(Exercise data)

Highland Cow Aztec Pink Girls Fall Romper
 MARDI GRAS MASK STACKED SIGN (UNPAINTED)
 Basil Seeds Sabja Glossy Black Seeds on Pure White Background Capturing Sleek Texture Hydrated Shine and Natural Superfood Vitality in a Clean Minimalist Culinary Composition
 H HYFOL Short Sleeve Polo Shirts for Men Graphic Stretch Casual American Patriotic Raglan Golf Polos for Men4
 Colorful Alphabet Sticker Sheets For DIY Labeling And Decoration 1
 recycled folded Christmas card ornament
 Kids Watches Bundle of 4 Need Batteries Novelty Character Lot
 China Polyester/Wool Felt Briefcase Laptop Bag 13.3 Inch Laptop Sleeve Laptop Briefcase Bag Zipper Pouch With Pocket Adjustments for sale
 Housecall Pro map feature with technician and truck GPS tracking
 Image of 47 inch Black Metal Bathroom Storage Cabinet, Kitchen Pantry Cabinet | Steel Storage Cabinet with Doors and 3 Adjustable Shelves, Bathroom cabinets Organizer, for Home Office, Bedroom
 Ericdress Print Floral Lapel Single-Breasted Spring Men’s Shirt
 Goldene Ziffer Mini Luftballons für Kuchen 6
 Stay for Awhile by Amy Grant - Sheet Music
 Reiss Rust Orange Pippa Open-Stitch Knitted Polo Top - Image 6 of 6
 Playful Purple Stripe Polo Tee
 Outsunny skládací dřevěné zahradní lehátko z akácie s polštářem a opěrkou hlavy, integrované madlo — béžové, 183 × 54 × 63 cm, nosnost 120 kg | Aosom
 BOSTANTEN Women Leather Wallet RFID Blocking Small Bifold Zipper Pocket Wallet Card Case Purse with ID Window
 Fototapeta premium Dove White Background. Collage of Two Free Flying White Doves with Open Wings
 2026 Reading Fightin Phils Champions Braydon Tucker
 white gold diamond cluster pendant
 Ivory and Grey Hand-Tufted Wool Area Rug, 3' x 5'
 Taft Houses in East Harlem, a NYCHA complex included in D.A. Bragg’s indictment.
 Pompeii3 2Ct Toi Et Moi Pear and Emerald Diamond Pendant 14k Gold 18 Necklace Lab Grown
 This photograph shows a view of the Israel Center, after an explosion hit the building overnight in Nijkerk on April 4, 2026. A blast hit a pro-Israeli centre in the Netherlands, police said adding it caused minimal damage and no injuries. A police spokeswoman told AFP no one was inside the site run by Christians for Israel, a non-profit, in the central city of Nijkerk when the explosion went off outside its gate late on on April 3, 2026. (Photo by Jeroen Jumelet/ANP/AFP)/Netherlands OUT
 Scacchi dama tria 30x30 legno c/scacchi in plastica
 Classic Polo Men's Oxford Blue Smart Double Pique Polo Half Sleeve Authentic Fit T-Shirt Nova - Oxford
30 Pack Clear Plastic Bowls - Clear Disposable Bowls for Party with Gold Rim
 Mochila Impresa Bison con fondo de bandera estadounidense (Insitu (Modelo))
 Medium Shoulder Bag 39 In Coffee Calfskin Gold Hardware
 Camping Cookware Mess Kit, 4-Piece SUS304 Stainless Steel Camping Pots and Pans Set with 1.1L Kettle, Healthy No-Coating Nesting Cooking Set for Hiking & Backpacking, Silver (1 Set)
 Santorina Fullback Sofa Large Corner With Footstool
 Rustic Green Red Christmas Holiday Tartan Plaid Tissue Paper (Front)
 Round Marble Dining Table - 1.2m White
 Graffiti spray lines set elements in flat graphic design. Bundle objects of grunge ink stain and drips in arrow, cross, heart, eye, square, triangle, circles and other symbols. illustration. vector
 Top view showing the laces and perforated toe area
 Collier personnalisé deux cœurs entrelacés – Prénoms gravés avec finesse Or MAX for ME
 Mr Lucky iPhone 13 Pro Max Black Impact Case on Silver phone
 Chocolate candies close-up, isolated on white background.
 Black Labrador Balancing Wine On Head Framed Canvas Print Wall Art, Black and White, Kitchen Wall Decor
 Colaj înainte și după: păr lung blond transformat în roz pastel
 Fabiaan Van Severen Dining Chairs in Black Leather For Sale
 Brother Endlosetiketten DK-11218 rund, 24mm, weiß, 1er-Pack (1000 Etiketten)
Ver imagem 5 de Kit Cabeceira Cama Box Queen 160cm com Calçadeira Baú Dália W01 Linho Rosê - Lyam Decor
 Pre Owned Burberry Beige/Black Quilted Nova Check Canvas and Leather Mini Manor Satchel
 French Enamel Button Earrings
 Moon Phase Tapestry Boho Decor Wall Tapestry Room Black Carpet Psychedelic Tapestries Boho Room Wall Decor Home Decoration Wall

(End Exercise data)

Work item:
Above are the records. Print exactly, and only, the lines from the line with "Scacchi dama tria" to the line with "Rustic Green Red", both inclusive.

Solution for this task:
 Scacchi dama tria 30x30 legno c/scacchi in plastica
 Classic Polo Men's Oxford Blue Smart Double Pique Polo Half Sleeve Authentic Fit T-Shirt Nova - Oxford
30 Pack Clear Plastic Bowls - Clear Disposable Bowls for Party with Gold Rim
 Mochila Impresa Bison con fondo de bandera estadounidense (Insitu (Modelo))
 Medium Shoulder Bag 39 In Coffee Calfskin Gold Hardware
 Camping Cookware Mess Kit, 4-Piece SUS304 Stainless Steel Camping Pots and Pans Set with 1.1L Kettle, Healthy No-Coating Nesting Cooking Set for Hiking & Backpacking, Silver (1 Set)
 Santorina Fullback Sofa Large Corner With Footstool
 Rustic Green Red Christmas Holiday Tartan Plaid Tissue Paper (Front)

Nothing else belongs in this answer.